By David Wheeler Newman

A pillar of the conventional wisdom of planning with charitable remainder trusts (CRTs) is that these very flexible split-interest trusts are subject to the private foundation excise tax on self-dealing transactions.  But a recent IRS ruling has shaken that pillar and questioned the conventional wisdom.

Some (but not all) of the private foundation excise taxes apply to CRTs pursuant to Internal Revenue Code section 4947(a)(2), which provides that in the case of a trust which is not exempt under Code section 501(a) (i.e. a tax-exempt organization), not all of the unexpired interests which are devoted to one or more charitable purposes (i.e. a split-interest trust like a CRT) and which has amounts in trust for which a charitable deduction was allowed, Code section 4941 (excise tax on self-dealing) shall apply as if such trust were a private foundation.

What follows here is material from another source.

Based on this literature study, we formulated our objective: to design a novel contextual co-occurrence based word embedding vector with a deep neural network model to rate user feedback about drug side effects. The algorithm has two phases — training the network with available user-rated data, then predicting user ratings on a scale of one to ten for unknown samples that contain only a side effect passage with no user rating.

In Private Letter Ruling 201713003, the grantor established a charitable remainder unitrust, but did not claim a charitable income tax deduction under section 170.  The IRS ruled that because no charitable deduction was allowed, section 4947(a)(2) does not apply and the CRT is therefore not subject to any private foundation excise taxes, including self-dealing.

Many gift planners will find this surprising, since they may have erroneously remembered that section 4947(a)(2) applies to split interest trusts for which a charitable deduction was allowed or allowable, or maybe just accepted the conventional wisdom that CRTs are subject to the self-dealing rules.  But this is one of those situations in which one shouldn’t rely on exegesis when one can consult the scripture, in this case the Internal Revenue Code. Here, a close reading of the statute supports the result of the ruling.

Speaking of exegesis, the ruling tells us that the basic purpose of section 4947 is to prevent split-interest trusts from being used to avoid the restrictions applicable to private foundations.  The provision achieves its objective if the principal tax planning objective of the CRT to claim a charitable deduction for the present value of charitable remainder interest in the trust.  But the second tax benefit of the CRT – frequently more valuable than the first – is the tax exemption of the trust, allowing the deferral of tax arising from the sale of appreciated assets.  The grantor of the CRT in the ruling remained able to take advantage of this tax benefit, while freeing himself from the prohibition on self-dealing.

The ruling requires the taxpayer who might otherwise be subject to the excise tax on self-dealing transactions as a disqualified person with respect to the CRT maintain proof that no charitable deduction of any kind — income, estate or gift —  has ever been taken (such as maintaining copies of tax returns for each year in which contributions were made to the trust).